In 1930, Maxfield Parrish turned away from images of beautiful young gods and goddesses and whimsical vignettes of medieval revelry and began painting his “beloved” landscapes, exclusively.  A 1931 newspaper article entitled “Maxfield Parrish Will Discard ‘Girl-on the-Rock’ Idea in Art,” quoted the artist as saying: “I’m done with girls on rocks.  I have painted them for thirteen years and I could paint them and sell them for thirteen more.  That’s the peril of the commercial art game.  It tempts a man to repeat himself….Magazine and art editors – and the critics, too—are always hunting for something now, but they don’t know what it is.  They guess at what the public will like and, as we all do, they guess wrong about half the time.  My present guess is that landscapes are coming in for magazine covers, advertisement and illustrations.  Shut-in people need outlets for their imaginations.  They need windows for their minds.  Artists furnish them” (quoted in Maxfield Parrish: A Retrospective, San Francisco, 1995, p. 15).  Parrish determined that it would be through his landscapes that he would be taken seriously as an artist, and transcend his status as an illustrator.

The Old Glen Mill, featuring a New England mill with a fantasy gorge and aqueduct in the distant background, was published in 1954 by Brown and Bigelow, a calendar company in St.

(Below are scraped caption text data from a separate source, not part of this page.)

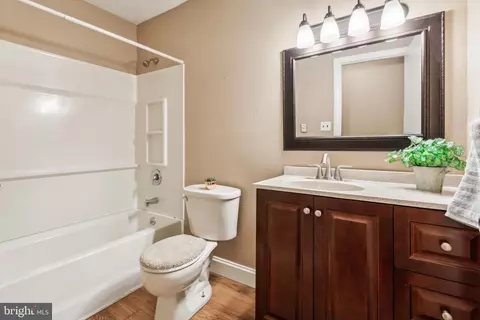 Bath - 8 Pine Ave, Hammonton, NJ 08037 photo 1 of 2
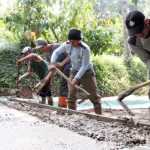 Hari ke Dua TMMD ke 111, Penuh Keakraban Warga Bersama Ratusan Prajurit Lakukan Pengecoran Jalan IMG-20210617-WA0034.jpg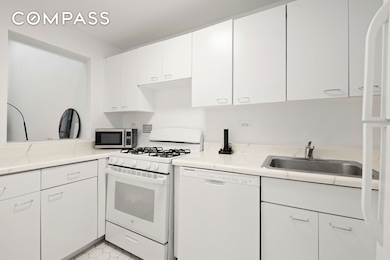 372 5th Ave unit 2, New York, NY 10018 - photo 6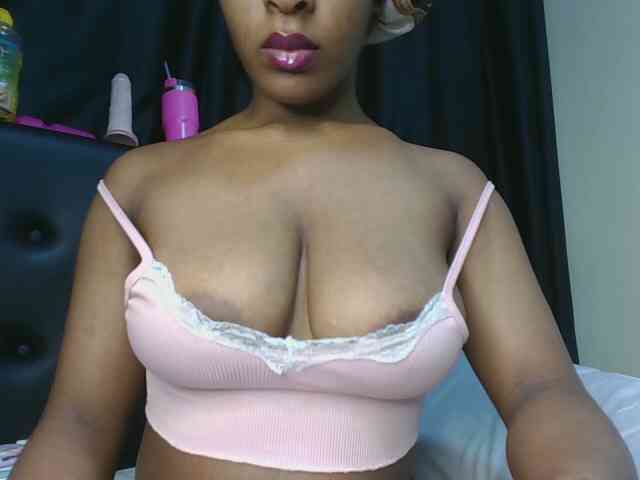 vickyprettyboobs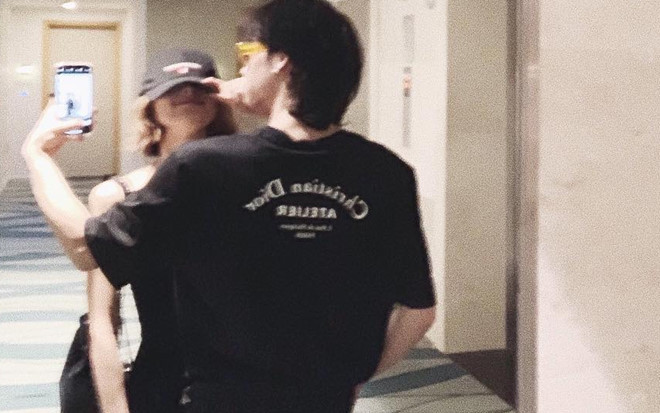 Hạ Vi công khai hình ảnh của bạn trai mới. Ảnh: Internet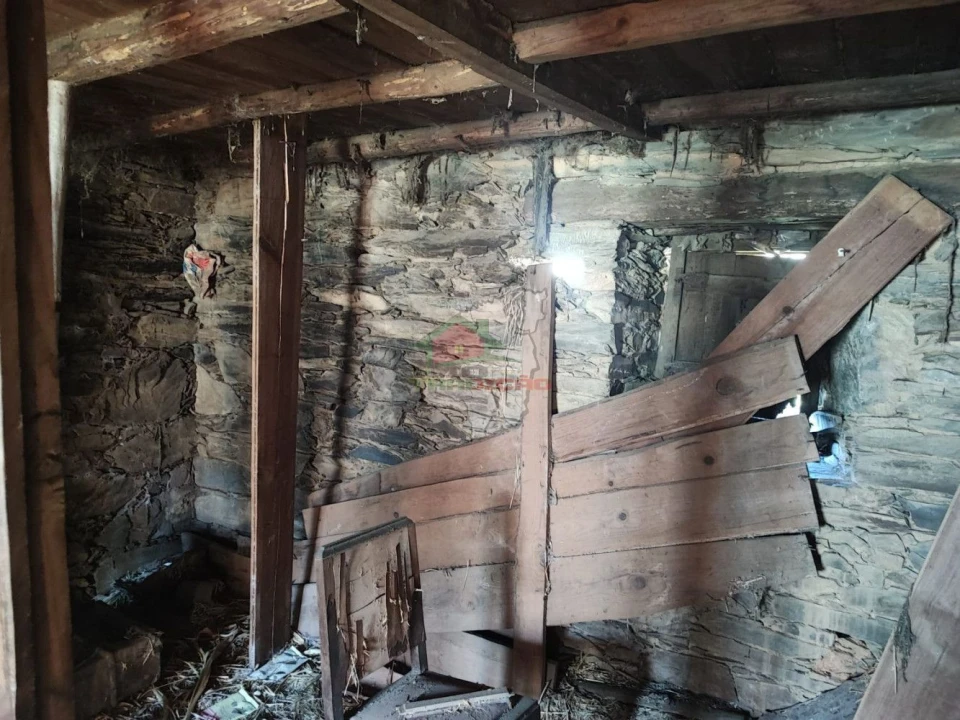 Moradia T1 para Venda em Isna Foto 20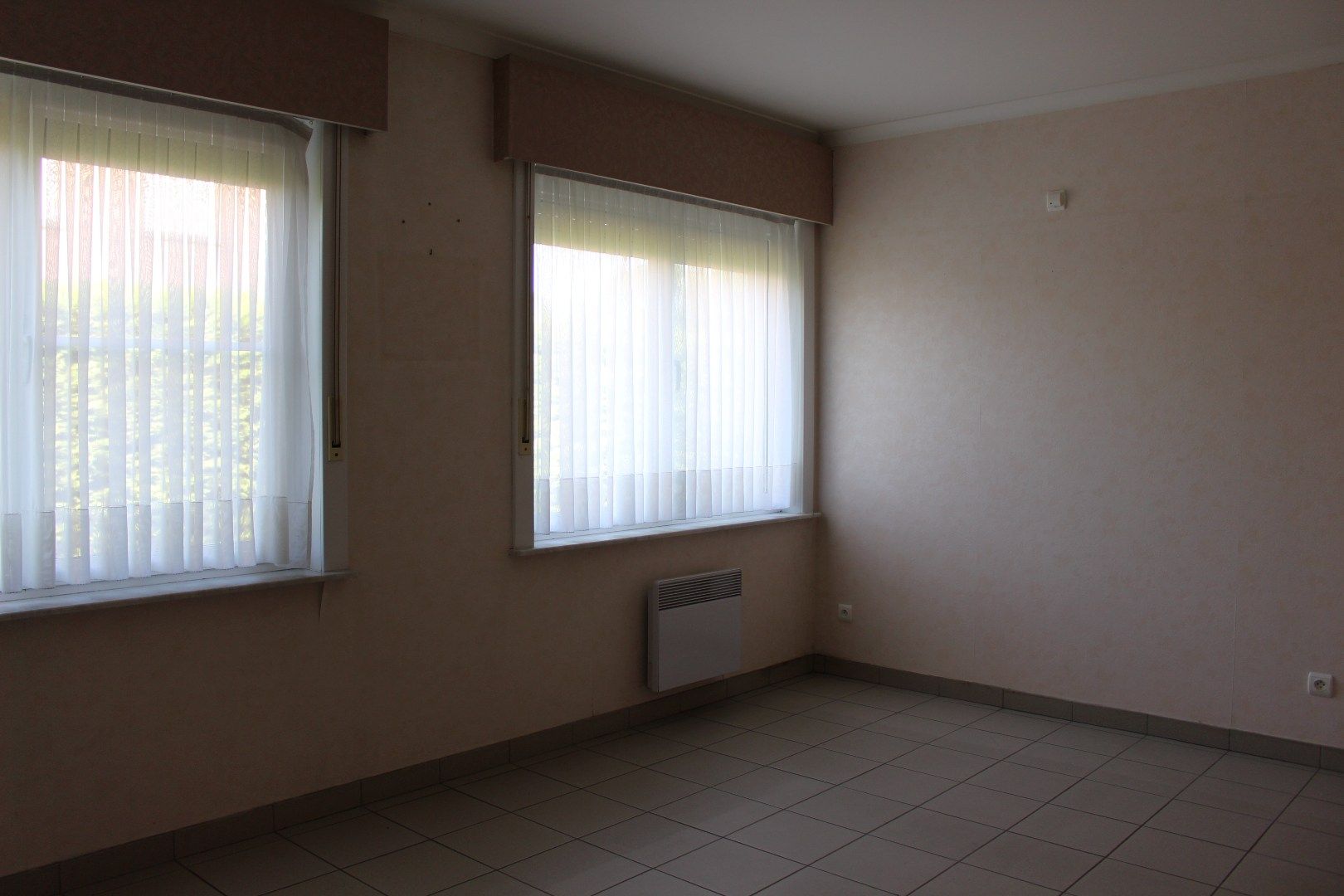 Rustig gelegen woning met grote tuin foto 15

Paul, Minnesota, for whom Parrish worked from 1936 to 1961.  Parrish agreed to the partnership based on the understanding that he would be allowed to paint his landscapes.  Parrish’s skill for rendering spatial relationships is immediately apparent in The Old Glen Mill, in which he takes the viewer, step by step, stone by stone, into the middle ground through the mill’s window at left and the rocks at right, toward the aqueduct in the far distance.  In addition to capturing the light-soaked canyon and smooth, stone mill with surreal precision, he creates a kaleidoscopic effect in the shadows.  The result is a rich tapestry of deep forest green and cobalt blue, punctuated by almost fluorescent orange and aquamarine hues.  For Parrish, nature was infinitely complex, reflected in his meticulous painting style; and he strove to transcribe its transient beauty in his work: “those qualities which delight us in nature—the sense of freedom, pure air and light, the magic of distance, and the saturated beauty of color, must be convincingly stated and take the beholder to the very spot” (Coy Ludwig, Maxfield Parrish, New York, 1973, p. 175).  His artistic process was labor-intensive; he carefully painted colorful glazes over a white ground, to give the impression of light shining through the hues.  The initial impact is powerful and immediate; though closer examination reveals a layered, almost delicate, quality.

Concurrent with this return to landscape as his primary subject, Parrish began to work in a smaller format, abandoning the 30 by 24 inch size he employed in the early 1930s, and adopting the 22 ½ by 18 inch format.  According Coy Ludwig, “his smaller paintings seemed to him more aesthetically successful than his larger ones.  It was a wise decision, for his brilliant, enamellike surfaces and intricately detailed subjects called for the smaller size” (Maxfield Parrish, New York, 1973, p. 177).